======== Record excerpts

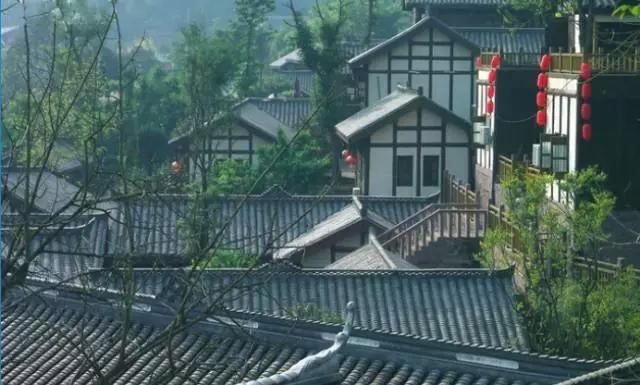 成都附近一小时氧吧,成都周边森林免费氧吧推荐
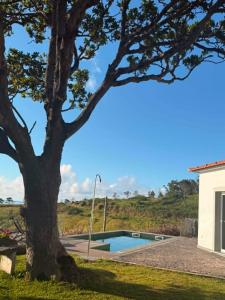 a tree and a swimming pool next to a house at Casas do Pargo- Casa A - Oak Tree House in Lombada Velha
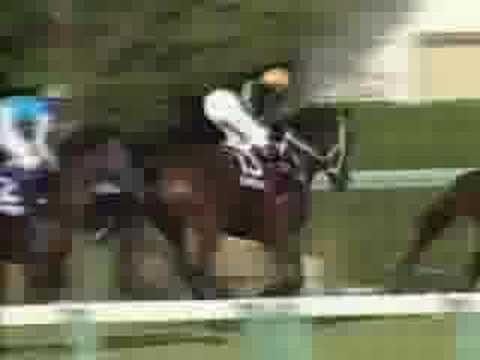 2005 Sprinters Stakes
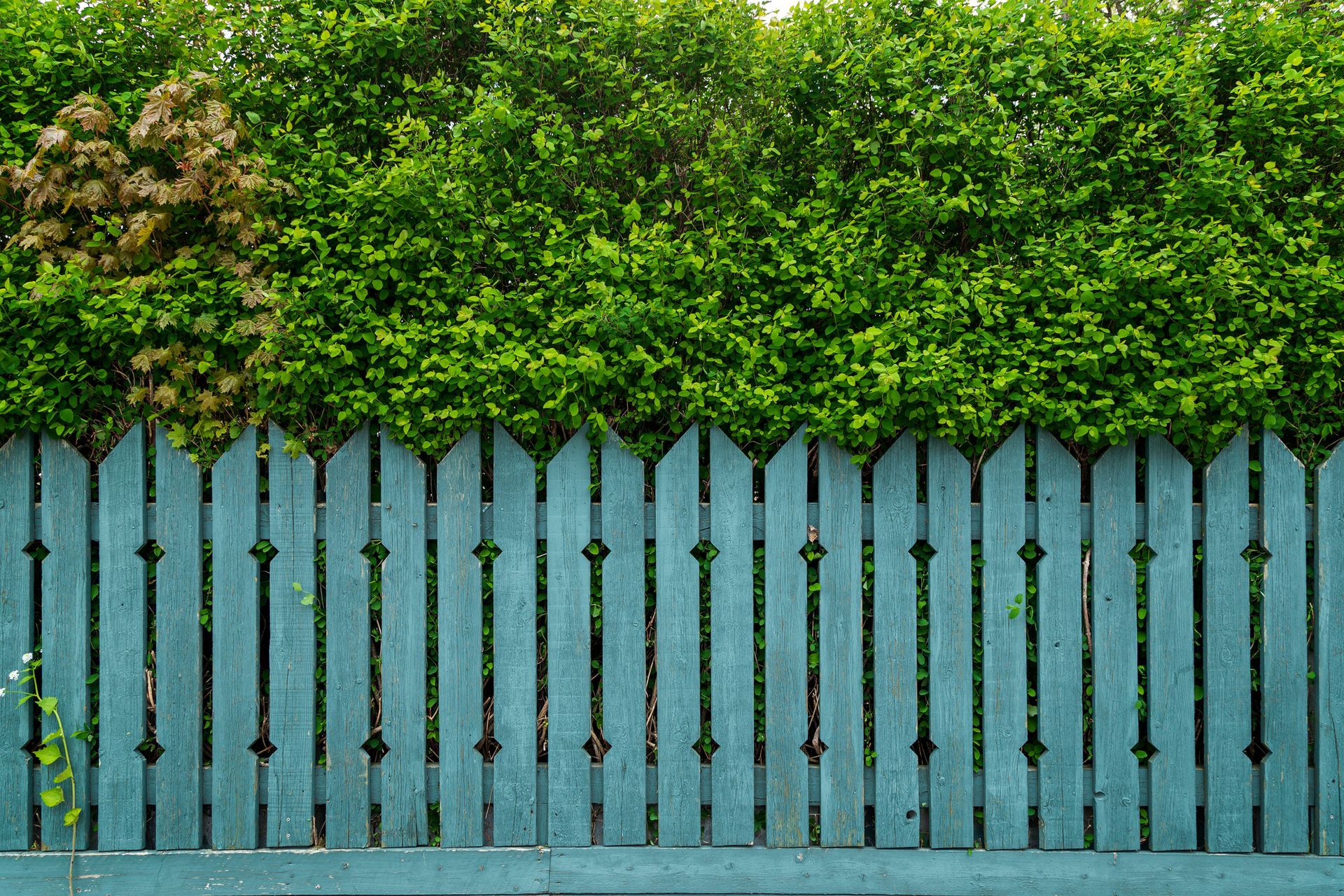 Fence installation — Nashville, TN — Davila’s Remodeling and Construction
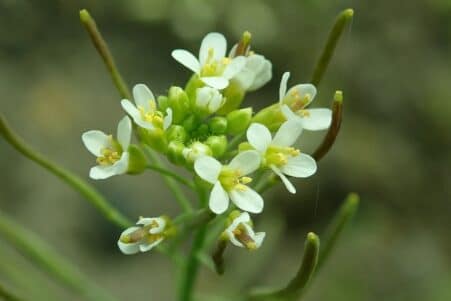 plantes decisions quantite carbone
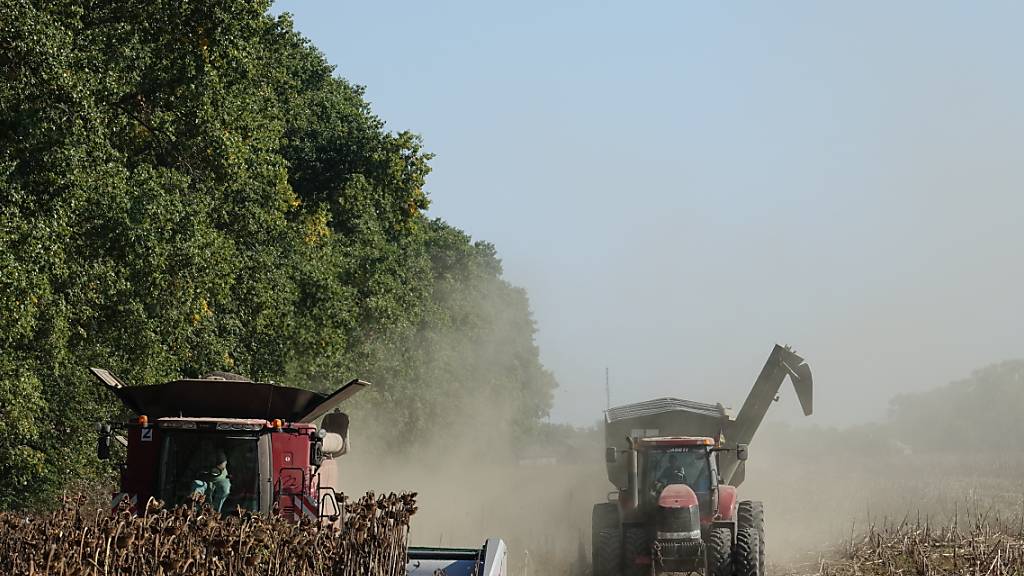 ARCHIV - Ein Mähdrescher und ein Traktor in der Ukraine bei der Sonnenblumenernte. Foto: Friedemann Kohler/dpa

================

> _Your instructions_:
Leave the pictures out and output the rest of the listing exactly.

> _Answer to this task_:
 成都附近一小时氧吧,成都周边森林免费氧吧推荐
 a tree and a swimming pool next to a house at Casas do Pargo- Casa A - Oak Tree House in Lombada Velha
 2005 Sprinters Stakes
 Fence installation — Nashville, TN — Davila’s Remodeling and Construction
 plantes decisions quantite carbone
 ARCHIV - Ein Mähdrescher und ein Traktor in der Ukraine bei der Sonnenblumenernte. Foto: Friedemann Kohler/dpa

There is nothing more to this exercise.